On Monday and Tuesday of this week, I had the honor to travel to Washington, DC as part of my work on the board of directors for the Baptist Joint Committee on Religious Liberty, or BJC for short. I was there to represent you and other CBF Baptists from North Carolina in this shared work of defending and extending religious liberty for all. Over the course of about 36 hours, we learned of the dynamic work that BJC is doing for all people, the fierce and fair watchdogs for the separation of church and state. In fact, I learned that BJC is the only faith-based organization who works in Washington with this singular focus, enabling them to be a leading voice across all three branches of government on matters outlined in the first 16 words of the First Amendment: “Congress Congress shall make no law respecting an establishment of religion, or prohibiting the free exercise thereof.”
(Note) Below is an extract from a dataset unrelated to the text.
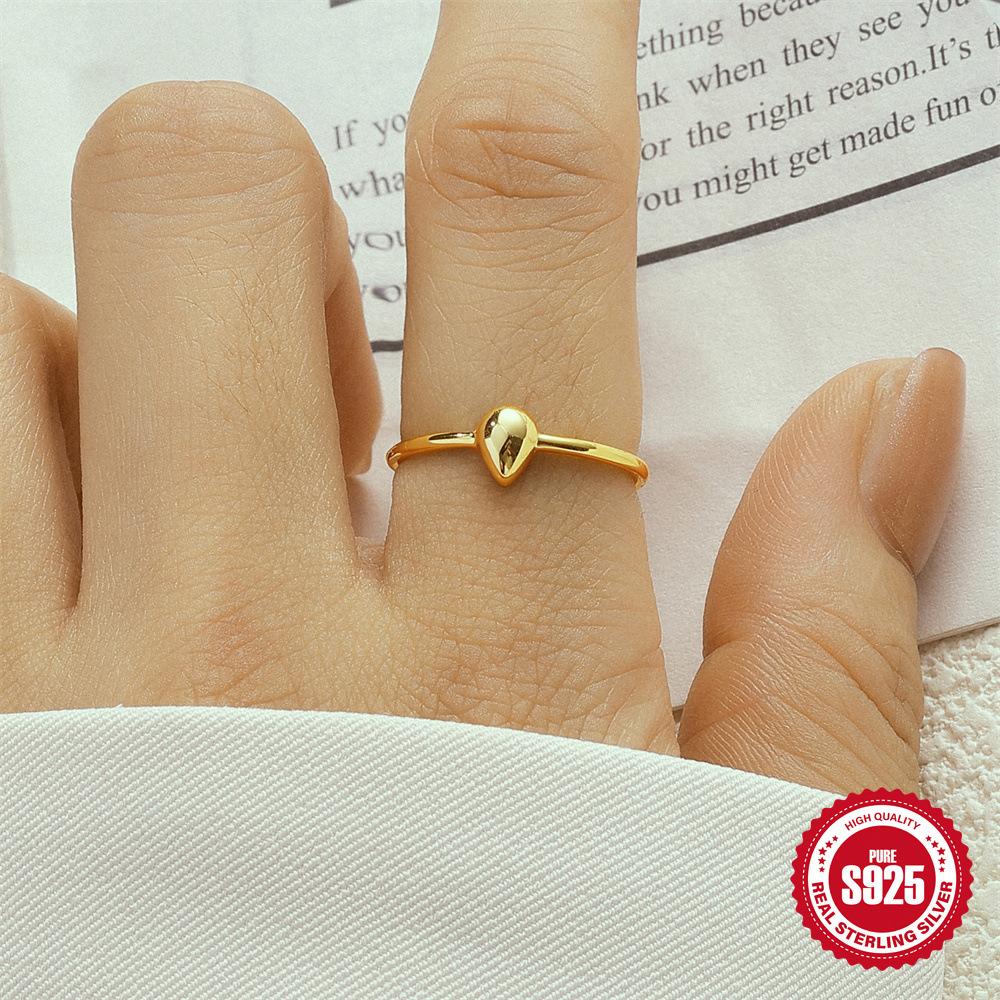 S925 Silver Water Drop Diamond Double-Layer Ring Women'S Niche High-End Sense Light Luxury Temperament Women'S Wind Cold Wind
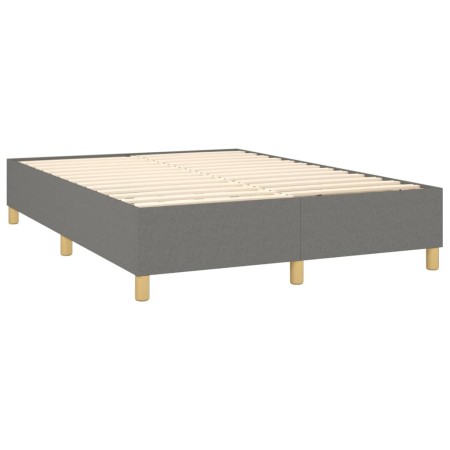 Letto a Molle Materasso e LED Grigio Scuro 140x200cm in Tessuto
Our work on Tuesday took us to Capitol Hill, where, in the midst of the unusual hub of activity, we criss-crossed from House office buildings to Senate ones, meeting in groups with our elected officials throughout the day. The purpose of these visits was twofold: we introduced them to BJC and their work on issues of religious liberty, and we made them aware of House Resolution 512, a bipartisan bill calling for a global repeal of blasphemy, heresy, and apostasy laws. We learned that blasphemy laws seek to punish those who insult, offend, demean or denigrate religion with fines, imprisonment or even the death penalty. Joining with other organizations from all sides, BJC is seeking to encourage our lawmakers to take the lead in championing religious liberty for our brothers and sisters around the world. Such a vital witness!
I was a bit embarrassed to realize that I’d never done this type of work before! I’ve called elected officials before to let them know how I felt about this or that, I’ve engaged in the political process with research, voting, and voter registration, but I had not yet sat with my congressperson or one of their staff to speak on behalf of others to advocate for something I believed to be right and true. Despite my initial nerves that I’d misspeak or mess up, I found the exercise to renew something in me that arose from some of the best traditions I claim. I channeled our earliest Baptist freedom fighters like Roger Williams and John Leland, remembered the fierce women whose advocacy has made it possible for me to do such work, and gave thanks for the courage of those whose limited rights made their fight for them all the harder. And despite all the hubbub, it became a sacred experience.
Reflecting on the construction of the Capitol building, one lawmaker said to our group: “this building, like our democracy, is always a work in progress.” I couldn’t help but see the symmetry to our faith — individually and communally — “always a work in progress.” Grateful to labor together in love for the cause of freedom, especially the freedom in Christ that sets us free!